You will receive an alert when a child in your court age 6 or older is without a tutor.
If you want to groom your grandson or a similar future heir is out of your control, you can ask to become their guardian on their sixth birthday. If your offer is accepted you will thus have the opportunity to groom your future heir, or ensure that a potential rival ends up with horrible traits, thus eliminating that threat.
Culture and religion
The child will often adopt the culture or religion of his tutor, hence the importance of guardian choice. This happens more often if the guardian is:
- Diligent for both culture and religion,
- Zealous for religion,
- Gregarious for culture.
The opposite traits Slothful , Cynical and Shy have the opposite effect.
However, these events will not happen if the tutor is not of the same culture or religion as their employer (landed nobles are their own employers).
One of the things a parent/guardian will affect is base attributes. It appears that each child has a chance once per year to increase each of their base attributes. The chance that an increase will occur is tied to the attribute of the parent/guardian.
Thus, a child will gain base attributes more quickly in an area the parent/guardian is skilled at than one which he/she's bad at. Thus children will often end up with a distribution of base attributes quite similar to their parent or guardian. This also means it can be more important to have a strong distribution of attributes in an heir's guardian/mentor, rather than one exceptionally strong attribute and very low other attributes.
According to one player's testing, a statistic of 17 or above make the child very likely to gain a point in that same attribute.
Ultimately there is an element of random chance, however, so it is possible that a child will get a distribution of base attributes quite different from the parent/guardian.
Note that congenital traits (like quick or imbecile) seem to be reflected in the guardian's attributes and, therefore, increase / decrease the ward's chance to gain base attribute points.
Upon turning 16 and becoming an adult, the character will receive an Education trait.
For each attribute there are four levels, ranging from mediocre to great. The highest level improves that attribute by a large amount, and is thus highly desirable. What education trait a character gets is semi-random, but usually in the same area as their guardian, and often at the same level as well.
The determination of the trait a child receives is hardcoded and not directly visible. Experimentation has shown that it only depends on the education trait of the guardian, which is therefore generally considered a very important factor when choosing a guardian:
- guardian skills, personality traits or opinion have no influence
- the length of time the guardian has educated the child has no impact
- education traits from all attributes behave in the same way.

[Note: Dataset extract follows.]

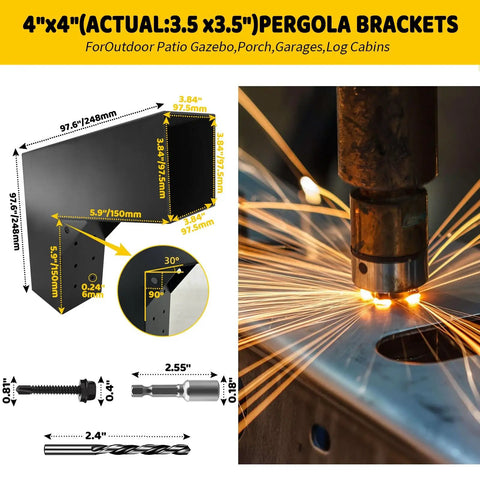 Two Way 30 Degree Slant Pergola Brackets Kit For DIY L Shaped Woodwork Fits 4x4 Lumber Actual 3.5x3.5 Built To Last Heavy Duty Galvanized Steel With Hardware For Patio Gazebo Cabin 4 Pack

The probability of getting:
- the same rank trait as the guardian is roughly 50%
- a rank one step away from the guardians rank is roughly 15-30%
- a rank two steps away from the guardians rank is roughly 5%-10%
- a rank three steps away from the guardians rank is roughly 8%
Some more detailed results from experiments:
Personality traits are also gained during tutoring and help define the character. AI guardians will generally encourage their wards to have traits similar to their own, while players acting as guardians are mostly free to guide wards in any chosen direction.
Some traits that affect AI guardians are:
- very good: Diligent , Kind , and Temperate guardians make good choices in many events.

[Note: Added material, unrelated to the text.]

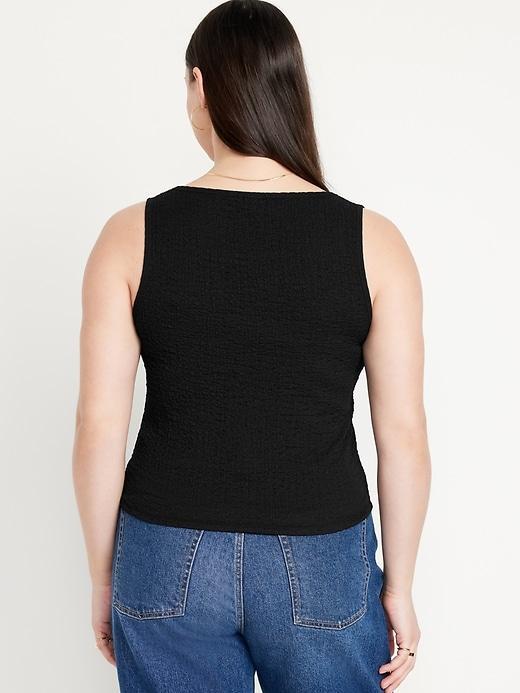 Square-Neck Textured Tank Top Product Image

- good: Just guardians make good choices, and Proud guardians stay out of the way when the child is doing well naturally.

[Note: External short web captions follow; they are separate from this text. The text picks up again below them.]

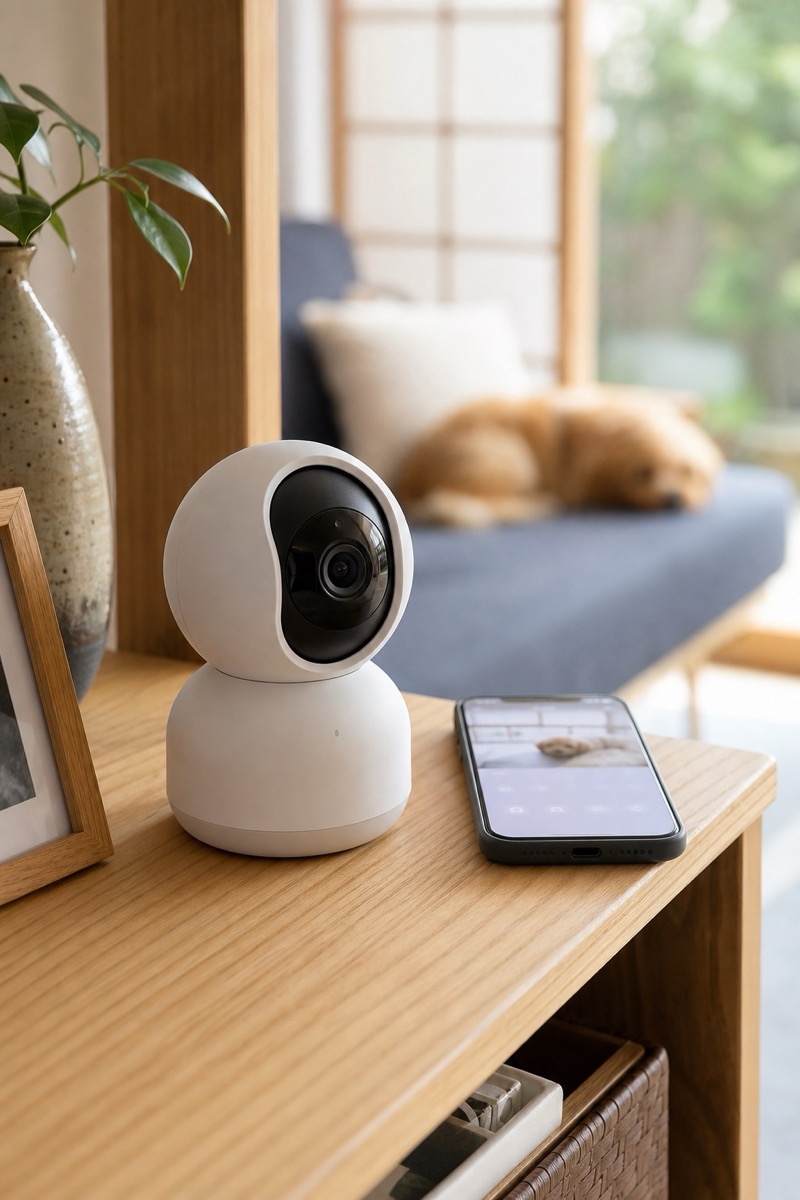 部屋に置かれたペットカメラとスマートフォンのイメージ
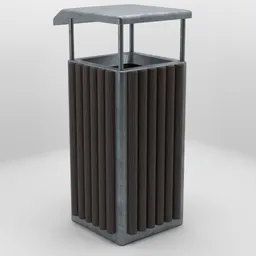 Detailed 3D rendering of a metallic trash bin with wooden slats, suitable for Blender rendering and outdoor scenes.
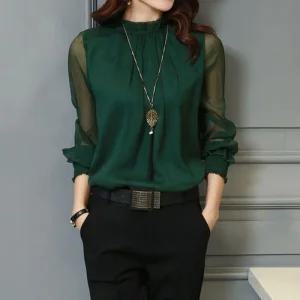 여자 오피스룩 반폴라 긴팔시스루 블라우스_4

- mediocre: Zealous guardians are good at making children Zealous, but leave almost everything else up to chance.
- bad: Gluttonous , Arbitrary , Cruel , Wroth , and Craven
- terrible: Slothful
For detailed calculations, see Evaluation of guardian traits.
Effects on guardians
Many events have options with effects on guardians:
- Lose zealous or cynical , by approving of a child gaining the opposite trait
- Gain 5 piety by choosing religious options such as praying (requires not being cynical )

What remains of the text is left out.